The exhibit was pretty neat. I liked the concept of showing impressionist paintings next to earlier works that may have inspired them. That provided some nice context.

After we were done with that exhibit we went and checked out the rest of the museum's new building. There were some things I liked, such as a painting of aspens from the Herbert Bayer collection on the lower level. On the one hand it must be pretty cool to have an entire museum collection of your works. On the other, it must say something when they put it in the basement.

There was also a piece of art by a guy named Robert Irwin that was pretty interesting. The best thing to call it would probably be a sculpture, except it wasn't just the physical piece itself that made it art. It was hung and lighted in such a way that it cast some really intriguing shadows that were part of the work. The museum labeled it as using acrylic for the medium. I thought they should have said acrylic and light. Maybe that's why I'm not a curator.

There were, of course, some things that I just couldn't relate to. Like a piece titled something like "Large Red Slab" that was -- you guessed it -- a large, red slab. And some sort of video that included sound effects and dialogue from Star Trek with footage of the artist, a young kid and some old guy on a moonscape set. The old guy was lip synching to a female voice. The whole thing reminded me of a Sprockets skit. I guess these would be like the Achel Trappist Extras of the art world.

The lesson, if any, is probably that art is subjective. There's nothing wrong with working that part of your brain once in a while and wrestling with what makes something "good" or "bad." The exercise has value regardless of your conclusion. Unless, of course, it makes you miss the UEFA Champions League final...

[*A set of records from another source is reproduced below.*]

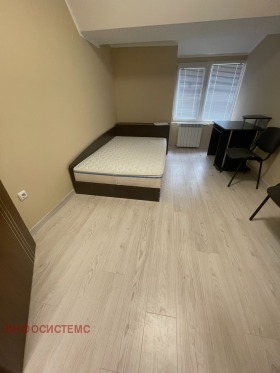  3- | Imot.bg    8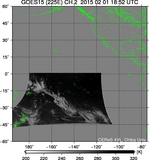GOES15-225E-201502011852UTC-ch2.jpg
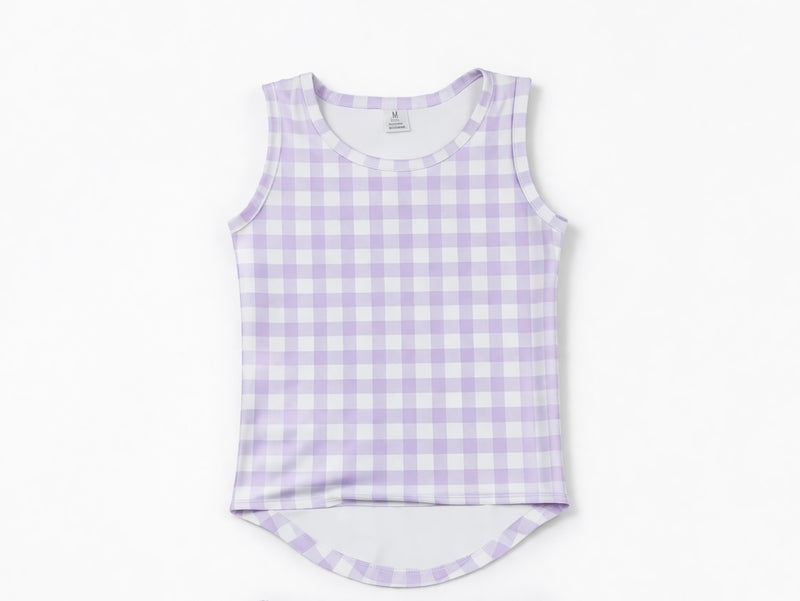 Lavender Breezes Set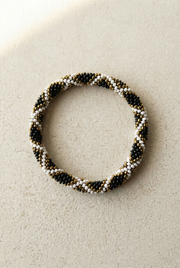 DHARAN VI • Pulsera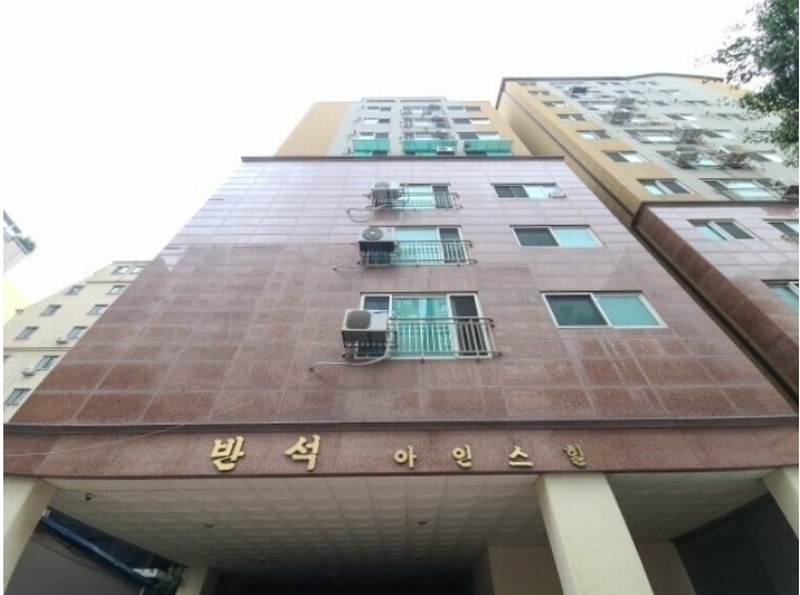 2024타경555679 인천광역시 부평구 대정로 84-1, 반석아인스힐 2동 2층 202호 오피스텔 경매 이미지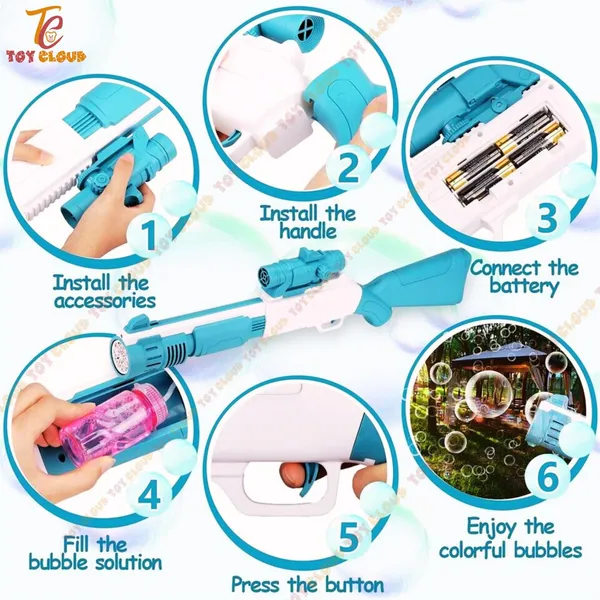 Automatic_Bubble_Maker_Machine_10_Holes_Electric_Rifle_Bubble_Gun_with_Rechargeable_Battery,_with_Light_for_Kids_-_Blue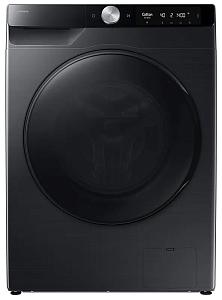 Стиральная машина с сушкой SAMSUNG WD11DG6B85BBLP RU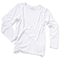 Name-it-maedchen-top-weiss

Yes, I'm still bitter about that.


Danh said...

Me and my girlfriend were just talking about you tonight! I hope you keep this blog up and going, it is a great way to keep everybody up to speed with you. I hope you will get to do all the things you want to do outside of the office and when you head back to Texas, let me know.

SteveHarbula said...

Thanks for checking in, AO! Seriously, though -- you and your girlfriend need to find better stuff to talk about. ;)

When I find myself back in the Lone Star State I'll let you know. At the latest, it should be Austin next March for SXSW.